# About this task:
Word for word, restate the lines of the listing below from the line with "Convergence Hawkman #2 (Dc 2015) - £2.76 GBP" through the line with "Casa en condominio en Tlalpan Centro", and do not include the pictures.

# Entries provided:
■ ■ ■ ■
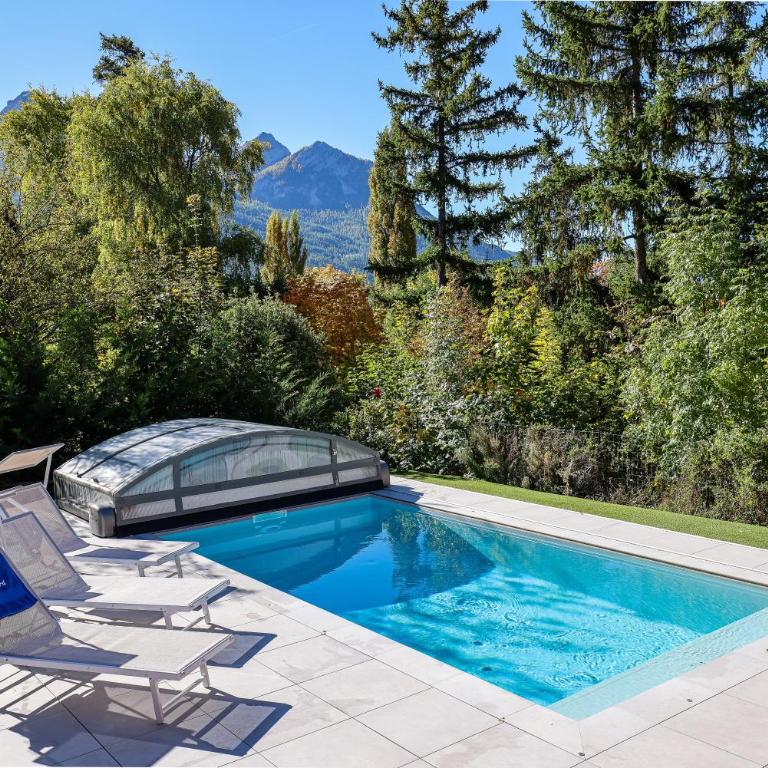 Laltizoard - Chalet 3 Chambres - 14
■ ■ ■ ■
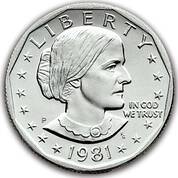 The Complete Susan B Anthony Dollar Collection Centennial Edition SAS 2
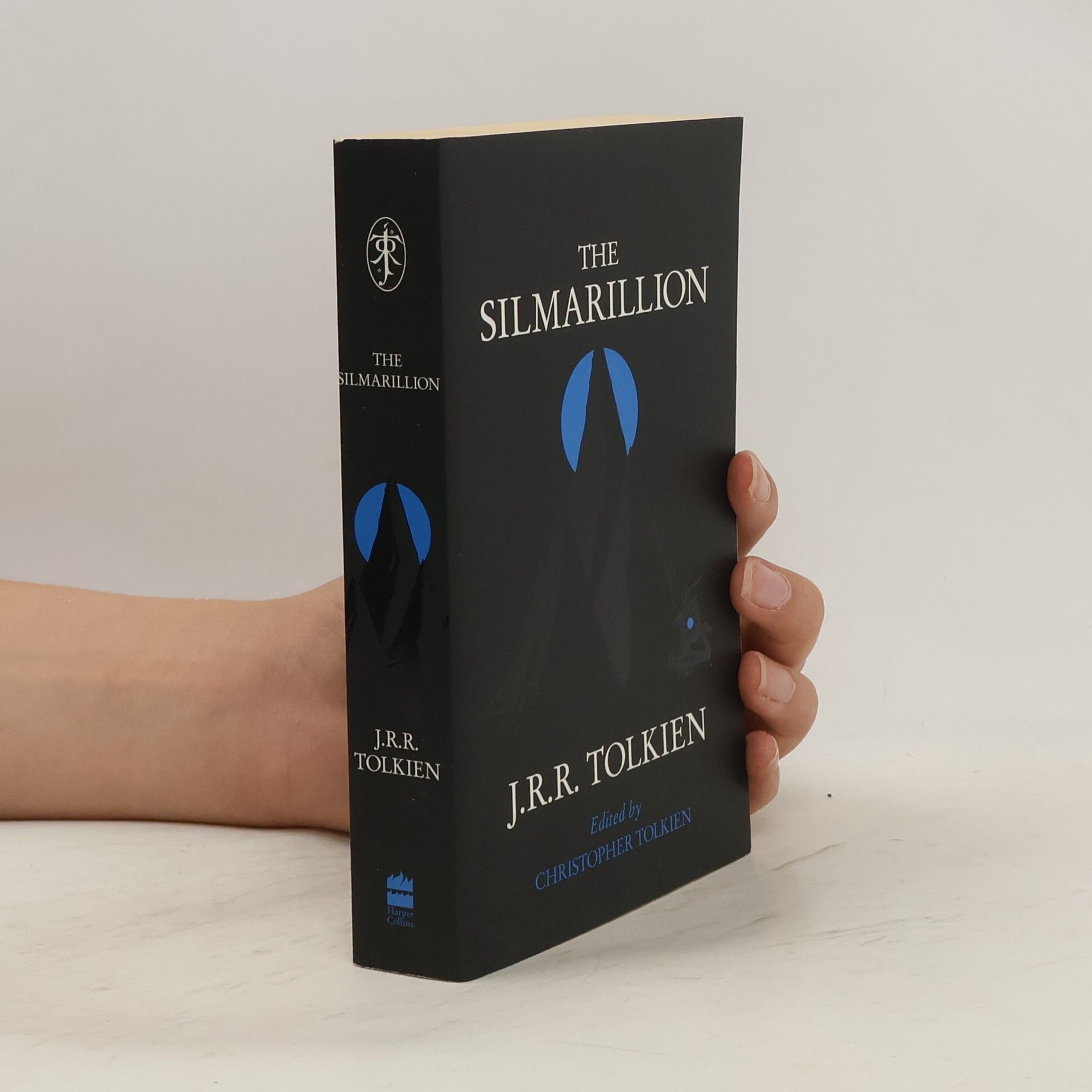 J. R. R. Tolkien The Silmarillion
■ ■ ■ ■
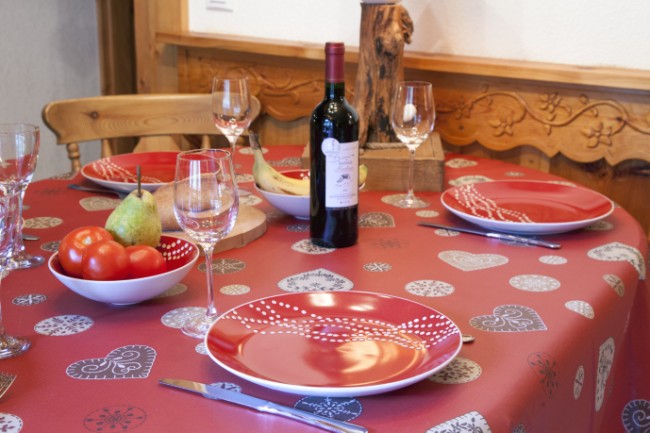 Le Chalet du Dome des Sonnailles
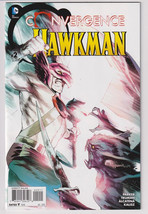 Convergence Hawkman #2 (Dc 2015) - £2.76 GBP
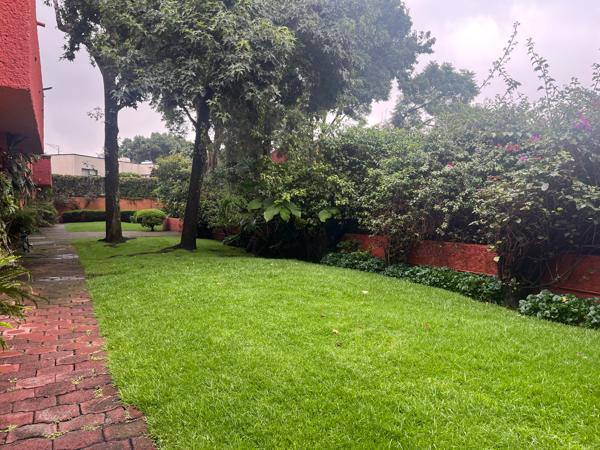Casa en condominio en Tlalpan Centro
■ ■ ■ ■
# Solution to this problem:
 Convergence Hawkman #2 (Dc 2015) - £2.76 GBP
Casa en condominio en Tlalpan Centro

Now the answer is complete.